I use this feature a lot. Yaesu, if you are listening…
Another quibble I have is the main tuning dial sticks out too far from the radio. The extra length turns it into a bump magnet. I think they could lob a 1/4 inch or so off of the dial, and it would still be very usable. I have had my Yaesu on my hobby workbench to set it up the way I like it. It puts the radio to my left side which means I use my left hand to work the controls. I am ambidextrous, with the radio on my left side it is a little easier to use. YMMV. When I take it out to the field, I am going to try it on my left side to see how it works. Generally, I have been enjoying the Yaesu. The crystal roofing filters really make the radio a delight.
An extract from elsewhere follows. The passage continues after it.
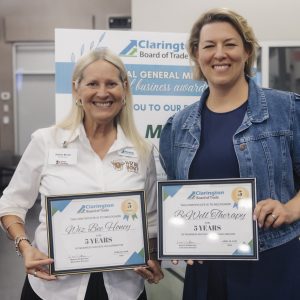 Two women holding awards at Clarington Board of Trade event.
Should you be selling your other radios to buy this one? Maybe, maybe not. I am keeping my IC-7300. I think it is a better EmComm radio than the FTDX10. Like others have said, the bells and whistles of the FTDX10 really benefit the CW crowd and really, only those ops who DX/Contest where there is a high density of signals. The Yaesu may also benefit POTA activators who put out enough signal to create large pile-ups or hunters trying to work the weak ones.